- Supreme Court of the United States

Argued April 15, 1909 Decided May 24, 1909
- Full case name: Bong v. Campbell Art Co.
- Citations: 214 U.S. 236 (more) 29 S. Ct. 628; 53 L. Ed. 979

Holding
- A copyright cannot be granted to a non-citizen whose country has not been acknowledged as in a reciprocal copyright arrangement with the United States by a formal presidential proclamation. Because the non-citizen is not granted a copyright, they cannot assign a copyright for a work to a citizen of a country with American copyright privileges. That citizen cannot register a copyright for the work.

Court membership
- Chief Justice Melville Fuller Associate Justices John M. Harlan · David J. Brewer Edward D. White · Rufus W. Peckham Joseph McKenna · Oliver W. Holmes Jr. William R. Day · William H. Moody

Laws applied
- International Copyright Act of 1891

= Bong v. Campbell Art Co. =

Bong v. Campbell Art Co., 214 U.S. 236 (1909), was a United States Supreme Court case in which the Court held, under the International Copyright Act of 1891, A copyright cannot be granted to a non-citizen whose country has not been acknowledged as in a reciprocal copyright arrangement with the United States by a formal presidential proclamation. Because the non-citizen is not granted a copyright, they cannot assign a copyright for a work to a citizen of a country with American copyright privileges. That citizen cannot register a copyright for the work.

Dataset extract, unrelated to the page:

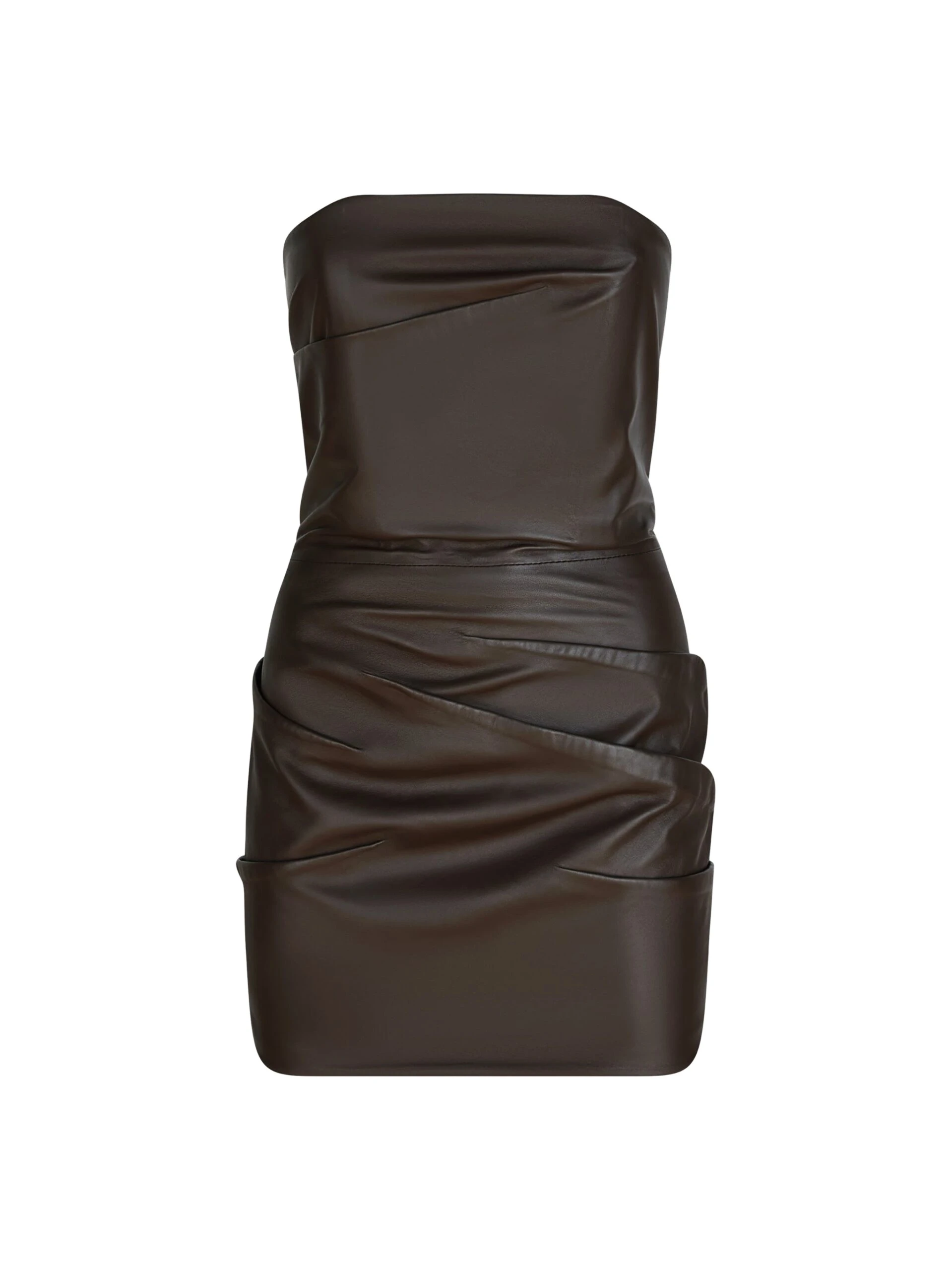 Dark-brown-mini-dress-The-Attico-Dresses-scaled88802_nobg The Attico Dark brown mini dress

The case concerned the painting "Dolce Far Niente" by Daniel Hernández Morillo, a citizen of Peru. Because Peru had not entered into a mutual copyright arrangement with the United States, Hernández gave the painting to a German man named Bong. Germany had entered into such an arrangement with the United States in 1892, so Bong applied for a copyright on the painting in 1902. He wrote "Copyright by Rich. Bong" on the painting to comply with the notice requirement.

Alfred S. Campbell Art Company printed 1000 copies of the painting, retitled as "Sunbeam", with the copyright notice and attributing it to Hernández. Bong sued for copyright infringement. At one point, he asserted that Hernández was Spanish because Spain had copyright relations with the United States. He also contented that the copyright should be valid because both Peru and the United States were part of the Montevideo Union, an international copyright arrangement.

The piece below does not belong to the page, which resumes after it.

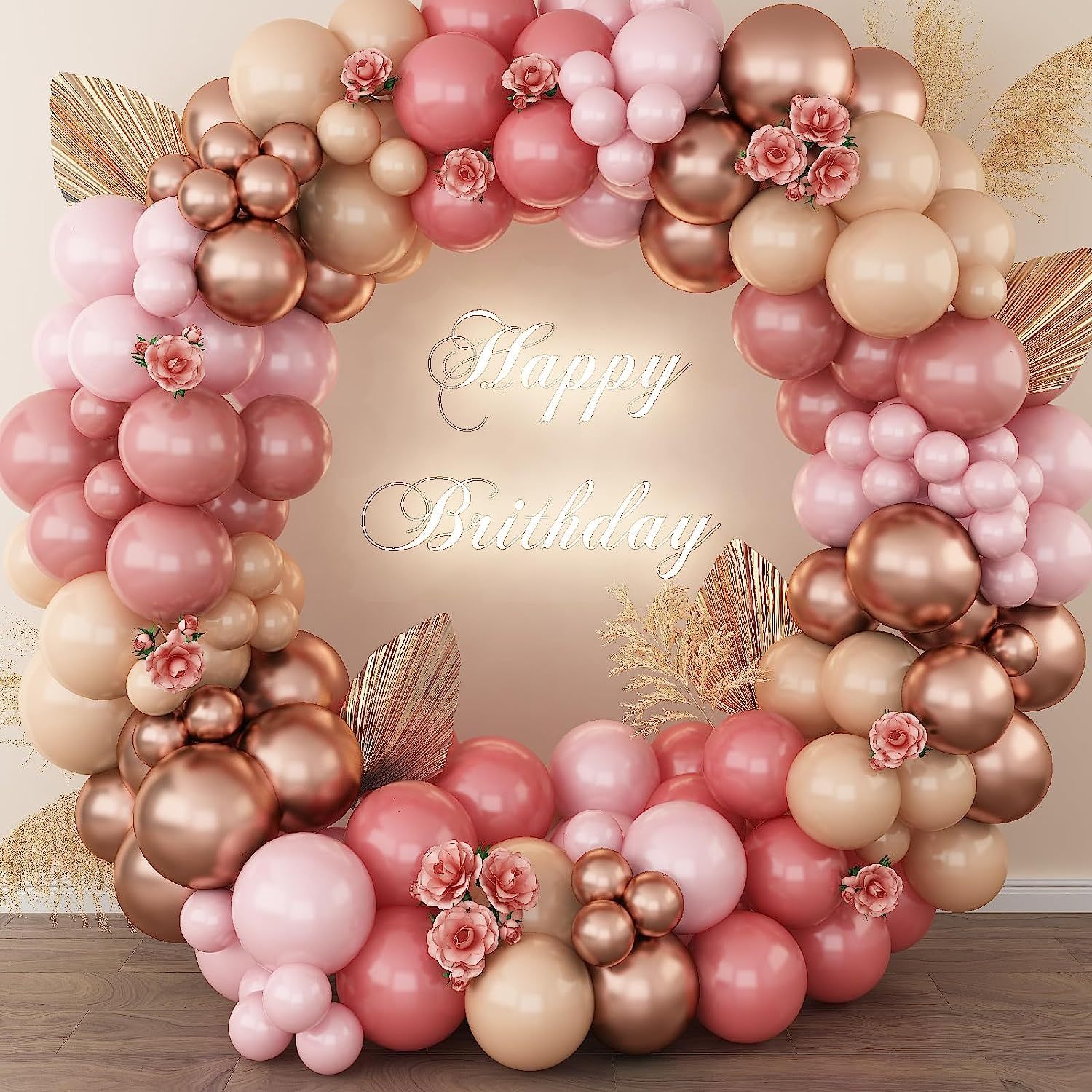 Balloon Arch Birthday Decoration Baby Shower - ballons en or rose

The Court determined that the copyright originates with the original creator, in this case Hernández. Because Hernández's citizenship mean that his works were ineligible for United States copyrights, he could not assign a right he did not possess to Bong. Bong's copyright was thus void and the painting was in the public domain when Campbell Art Company made its copies.

Additionally, the Court said that the proclamation from the president was required for a country's citizens to apply for American copyrights. The United States' membership in the Montevideo Union was not sufficient without the explicit proclamation.

The Court cited heavily from American Tobacco Co. v. Werckmeister.